Making the donation, Ms. Weaver recalls, enabled her to come to terms with the loss of her mother. That initial gift would become the Claudia Adams Barr Program in Innovative Basic Cancer Research, which the Weavers continue to support. (Thus far, philanthropy is not a tradition the Weavers share with the family’s next generation. Neither their grown son or daughter, says Ms. Weaver, is deeply involved in the giving decisions she and her husband make.)
Ms. Weaver established some important connections at Dana-Farber. Greg Gross, the young man who answered the phone in the development office when she called to ask about making her initial gift, would go on to head the Jaguars Foundation, becoming what Ms. Weaver describes as her right-hand man.
Ms. Weaver’s new fund has already made its first major grant: $6.6-million to be paid out over three years to establish the Delores Barr Weaver Policy Center.
The center, which opened its doors in January, provides research and advocacy on behalf of girls in Florida’s juvenile-justice system, along with training for police officers, educators, and others on the best ways to help girls who have experienced trauma. It will also house programs that Ms. Weaver has long supported, including Girl Matters: It’s Elementary, an effort to reduce the suspension and expulsion of girls from local elementary schools.
“I care about people who end up in situations that they don’t put themselves in, especially children who run from one kind of trauma only to get caught up in trauma of a different kind.”
Lawanda Ravoira, a longtime girls’ advocate who heads the policy center, says that it was important that the project bear Ms.
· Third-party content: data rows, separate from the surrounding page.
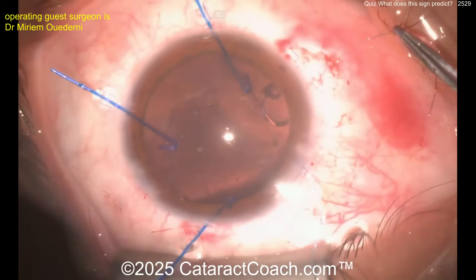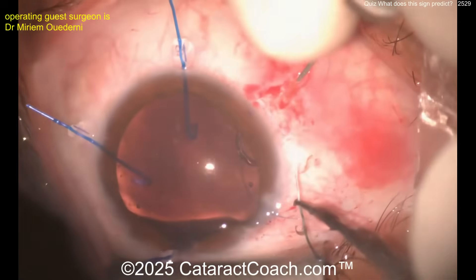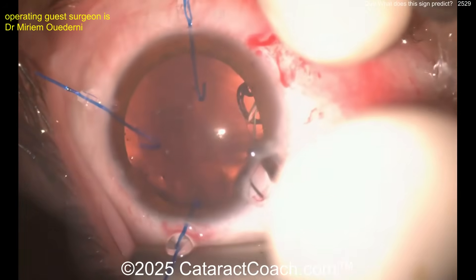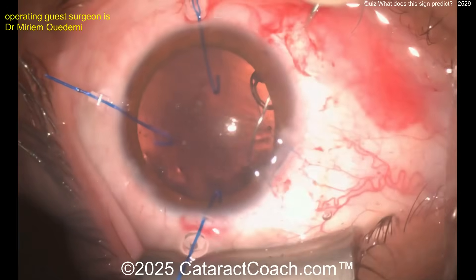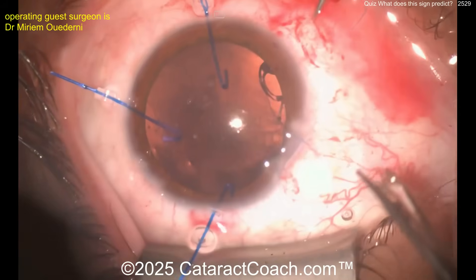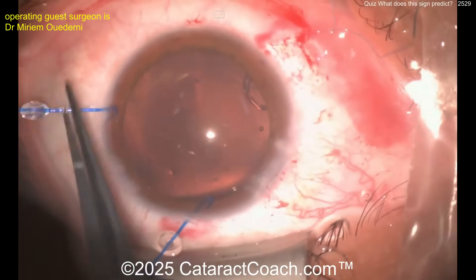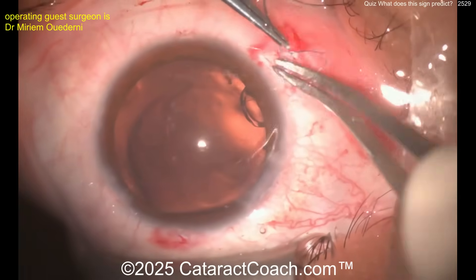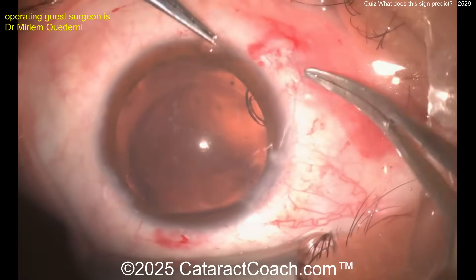On the other side you're going to put a capsular tension segment, so you want to get support 180 degrees away — this one point may not be enough. Here's the other end of the suture going in the hollow bore needle again. Now you've got both ends holding onto that eyelet of the Cionni ring, coming out in the sclera within that groove. That half scleral-depth groove — tie this up, make sure it's a nice secure knot, and that'll be good strong fixation on this side.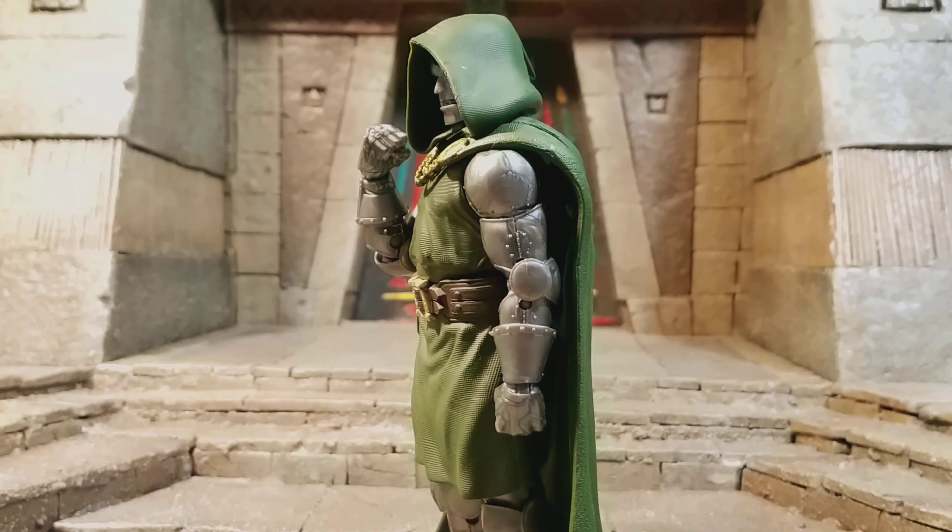I definitely recommend that you guys pick him up. A lot of people have been picking him up to scalp or just have multiples, so it's kind of hard to find online. But in retail it's not too hard to find at the moment if you can find an early case of the new wave of the Super Scroll Build-A-Figure Wave. I highly recommend you guys pick it up. Alright guys, thank you all for watching — I'll catch you later.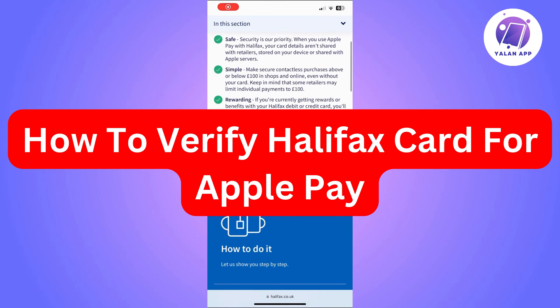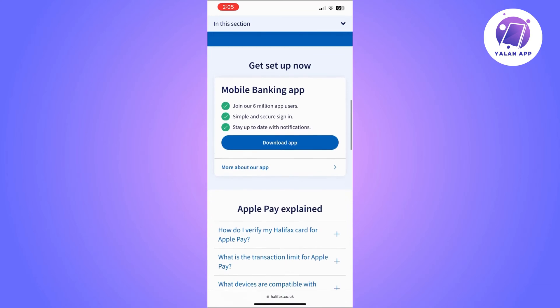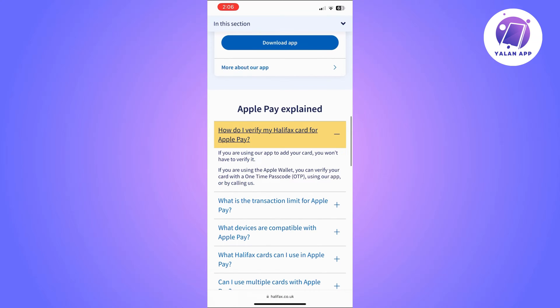Hi there, in this video I'm going to show you how to verify your Halifax card for Apple Pay. This is going to be a super easy tutorial, you'll just need to follow the steps that I'm going to show you. So if you're using an Apple Wallet, you can verify your card with a one-time passcode.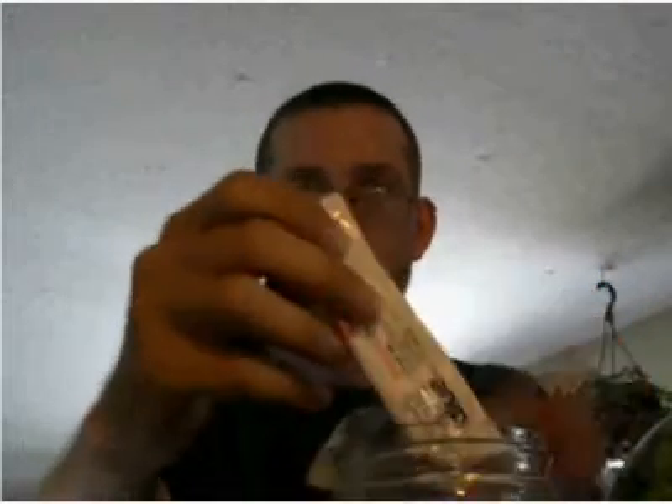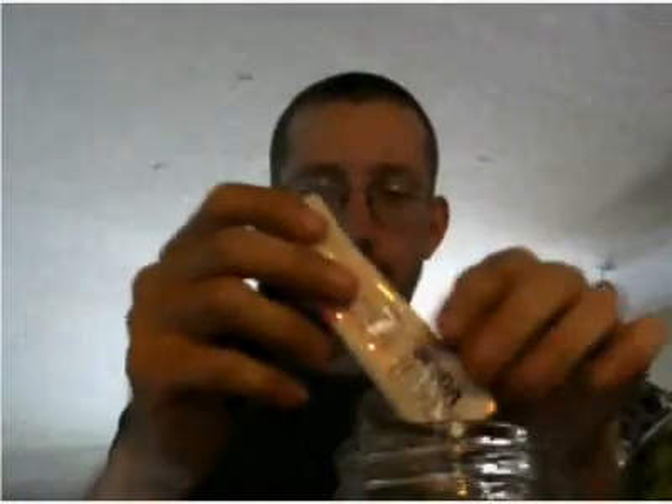But that looks good. I like how that looks. It went right into the cup and it's dissolving pretty well.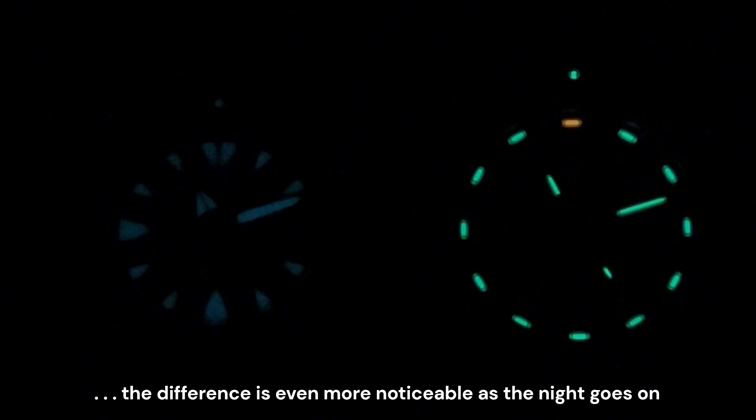Alright, so it's been just under two hours and you can see we can still see the Superluminova, but the Tritium is a whole lot brighter. If you're really into being able to see your watch at any time in the middle of the night, I encourage you to look at Tritium watches. This ProTec is the best I've ever used, but there are other companies out there. Superluminova is great too — it's really bright when you come in from outside or you can charge it up — but in terms of longevity, Tritium is something to look into. I hope the video helped.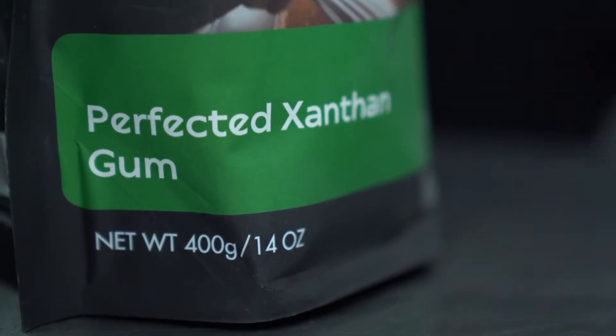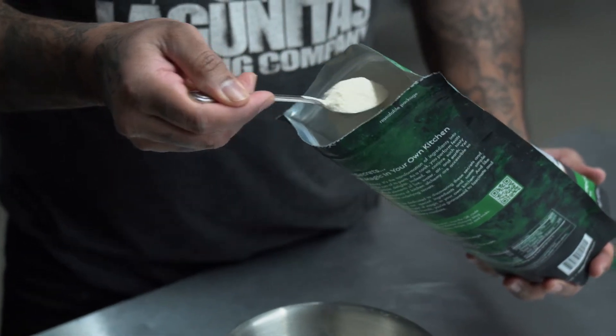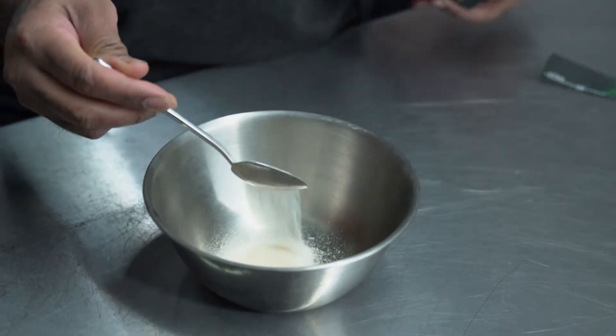We're talking about xanthan gum. Xanthan gum is actually made through a fermentation process of simple sugars. People generally use xanthan gum for gluten-free baking — it actually gives that stickiness that gluten would give to bread. Xanthan gum is also widely used in grocery store items such as barbecue sauces and ice creams, and it's commonly used as a thickener and stabilizer.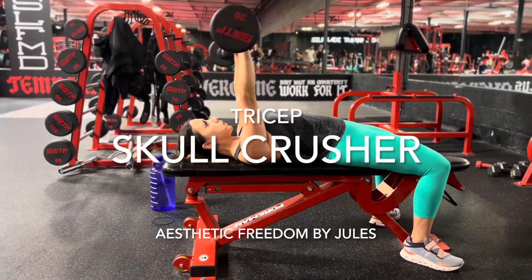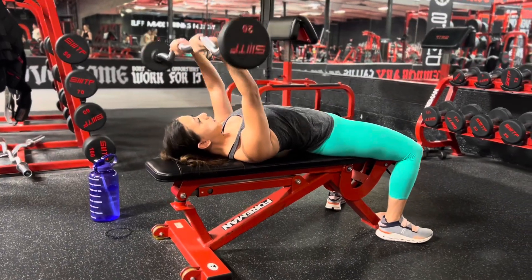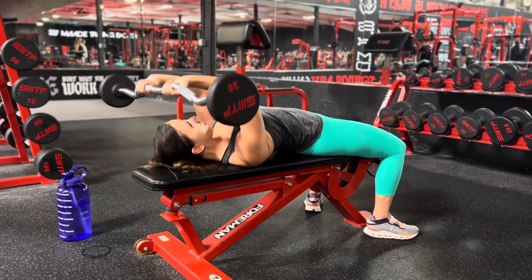Tricep skull crusher. You want to utilize an easy bar — that is the one that is bent, like the one Christy is utilizing here.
Weaver’s name.
“Her name makes a statement,” Ms. Ravoira says. “She’s embracing us and pushing us to do the hard work of finding solutions to some really tough problems.”
The $6.6-million grant is probably the largest that the Delores Barr Weaver Fund will make. But the Community Foundation of Jacksonville’s Ms. Waters says that Ms. Weaver’s real contribution is more than financial.
“She’s helping a lot of women and girls to find their voices,” Ms. Waters says. “She’s used her own voice and her influence to create change here that goes beyond the money she’s given. She puts her mouth where her money is.”